**Work instructions:**
All of the entries below should be copied exactly as they appear.

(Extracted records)
::::::::::

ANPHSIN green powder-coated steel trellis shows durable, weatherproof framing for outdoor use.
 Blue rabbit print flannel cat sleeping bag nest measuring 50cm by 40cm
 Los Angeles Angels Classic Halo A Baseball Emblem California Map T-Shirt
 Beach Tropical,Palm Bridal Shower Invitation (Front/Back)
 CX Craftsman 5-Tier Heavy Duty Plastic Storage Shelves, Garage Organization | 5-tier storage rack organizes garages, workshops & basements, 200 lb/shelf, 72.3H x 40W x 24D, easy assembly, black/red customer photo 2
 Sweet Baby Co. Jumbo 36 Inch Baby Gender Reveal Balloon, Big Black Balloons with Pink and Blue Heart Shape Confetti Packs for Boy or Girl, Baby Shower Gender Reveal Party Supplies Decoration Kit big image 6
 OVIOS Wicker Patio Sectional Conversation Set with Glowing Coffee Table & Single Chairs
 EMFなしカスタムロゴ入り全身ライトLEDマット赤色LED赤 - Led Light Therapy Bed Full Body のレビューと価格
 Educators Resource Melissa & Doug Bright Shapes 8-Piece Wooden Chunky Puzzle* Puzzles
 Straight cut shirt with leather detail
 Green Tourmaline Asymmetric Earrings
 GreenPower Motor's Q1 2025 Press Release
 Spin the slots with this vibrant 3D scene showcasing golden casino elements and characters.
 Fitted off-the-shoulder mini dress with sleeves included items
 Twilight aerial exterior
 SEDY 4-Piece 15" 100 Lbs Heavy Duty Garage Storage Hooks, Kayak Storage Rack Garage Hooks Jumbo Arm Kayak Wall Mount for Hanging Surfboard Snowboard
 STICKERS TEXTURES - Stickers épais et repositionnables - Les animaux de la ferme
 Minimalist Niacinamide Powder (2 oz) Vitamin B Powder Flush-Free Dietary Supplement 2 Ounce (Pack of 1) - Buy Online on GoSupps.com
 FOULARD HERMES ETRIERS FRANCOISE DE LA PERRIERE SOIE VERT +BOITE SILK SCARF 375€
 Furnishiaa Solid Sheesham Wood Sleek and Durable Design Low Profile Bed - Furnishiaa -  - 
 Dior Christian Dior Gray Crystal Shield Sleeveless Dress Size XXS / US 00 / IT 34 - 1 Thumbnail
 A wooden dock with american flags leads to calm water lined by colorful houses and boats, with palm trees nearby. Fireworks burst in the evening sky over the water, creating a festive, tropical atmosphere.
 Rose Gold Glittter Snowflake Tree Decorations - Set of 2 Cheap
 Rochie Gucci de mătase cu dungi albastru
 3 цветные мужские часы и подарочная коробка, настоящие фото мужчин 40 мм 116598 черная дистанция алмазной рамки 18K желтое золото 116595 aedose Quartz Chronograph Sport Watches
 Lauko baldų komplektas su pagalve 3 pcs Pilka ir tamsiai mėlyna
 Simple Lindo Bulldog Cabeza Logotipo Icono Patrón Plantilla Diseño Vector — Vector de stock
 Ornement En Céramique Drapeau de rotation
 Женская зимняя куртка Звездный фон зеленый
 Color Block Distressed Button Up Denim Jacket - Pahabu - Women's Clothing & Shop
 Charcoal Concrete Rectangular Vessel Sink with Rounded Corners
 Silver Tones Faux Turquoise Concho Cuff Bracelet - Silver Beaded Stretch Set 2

::::::::::

**Result:**
ANPHSIN green powder-coated steel trellis shows durable, weatherproof framing for outdoor use.
 Blue rabbit print flannel cat sleeping bag nest measuring 50cm by 40cm
 Los Angeles Angels Classic Halo A Baseball Emblem California Map T-Shirt
 Beach Tropical,Palm Bridal Shower Invitation (Front/Back)
 CX Craftsman 5-Tier Heavy Duty Plastic Storage Shelves, Garage Organization | 5-tier storage rack organizes garages, workshops & basements, 200 lb/shelf, 72.3H x 40W x 24D, easy assembly, black/red customer photo 2
 Sweet Baby Co. Jumbo 36 Inch Baby Gender Reveal Balloon, Big Black Balloons with Pink and Blue Heart Shape Confetti Packs for Boy or Girl, Baby Shower Gender Reveal Party Supplies Decoration Kit big image 6
 OVIOS Wicker Patio Sectional Conversation Set with Glowing Coffee Table & Single Chairs
 EMFなしカスタムロゴ入り全身ライトLEDマット赤色LED赤 - Led Light Therapy Bed Full Body のレビューと価格
 Educators Resource Melissa & Doug Bright Shapes 8-Piece Wooden Chunky Puzzle* Puzzles
 Straight cut shirt with leather detail
 Green Tourmaline Asymmetric Earrings
 GreenPower Motor's Q1 2025 Press Release
 Spin the slots with this vibrant 3D scene showcasing golden casino elements and characters.
 Fitted off-the-shoulder mini dress with sleeves included items
 Twilight aerial exterior
 SEDY 4-Piece 15" 100 Lbs Heavy Duty Garage Storage Hooks, Kayak Storage Rack Garage Hooks Jumbo Arm Kayak Wall Mount for Hanging Surfboard Snowboard
 STICKERS TEXTURES - Stickers épais et repositionnables - Les animaux de la ferme
 Minimalist Niacinamide Powder (2 oz) Vitamin B Powder Flush-Free Dietary Supplement 2 Ounce (Pack of 1) - Buy Online on GoSupps.com
 FOULARD HERMES ETRIERS FRANCOISE DE LA PERRIERE SOIE VERT +BOITE SILK SCARF 375€
 Furnishiaa Solid Sheesham Wood Sleek and Durable Design Low Profile Bed - Furnishiaa -  - 
 Dior Christian Dior Gray Crystal Shield Sleeveless Dress Size XXS / US 00 / IT 34 - 1 Thumbnail
 A wooden dock with american flags leads to calm water lined by colorful houses and boats, with palm trees nearby. Fireworks burst in the evening sky over the water, creating a festive, tropical atmosphere.
 Rose Gold Glittter Snowflake Tree Decorations - Set of 2 Cheap
 Rochie Gucci de mătase cu dungi albastru
 3 цветные мужские часы и подарочная коробка, настоящие фото мужчин 40 мм 116598 черная дистанция алмазной рамки 18K желтое золото 116595 aedose Quartz Chronograph Sport Watches
 Lauko baldų komplektas su pagalve 3 pcs Pilka ir tamsiai mėlyna
 Simple Lindo Bulldog Cabeza Logotipo Icono Patrón Plantilla Diseño Vector — Vector de stock
 Ornement En Céramique Drapeau de rotation
 Женская зимняя куртка Звездный фон зеленый
 Color Block Distressed Button Up Denim Jacket - Pahabu - Women's Clothing & Shop
 Charcoal Concrete Rectangular Vessel Sink with Rounded Corners
 Silver Tones Faux Turquoise Concho Cuff Bracelet - Silver Beaded Stretch Set 2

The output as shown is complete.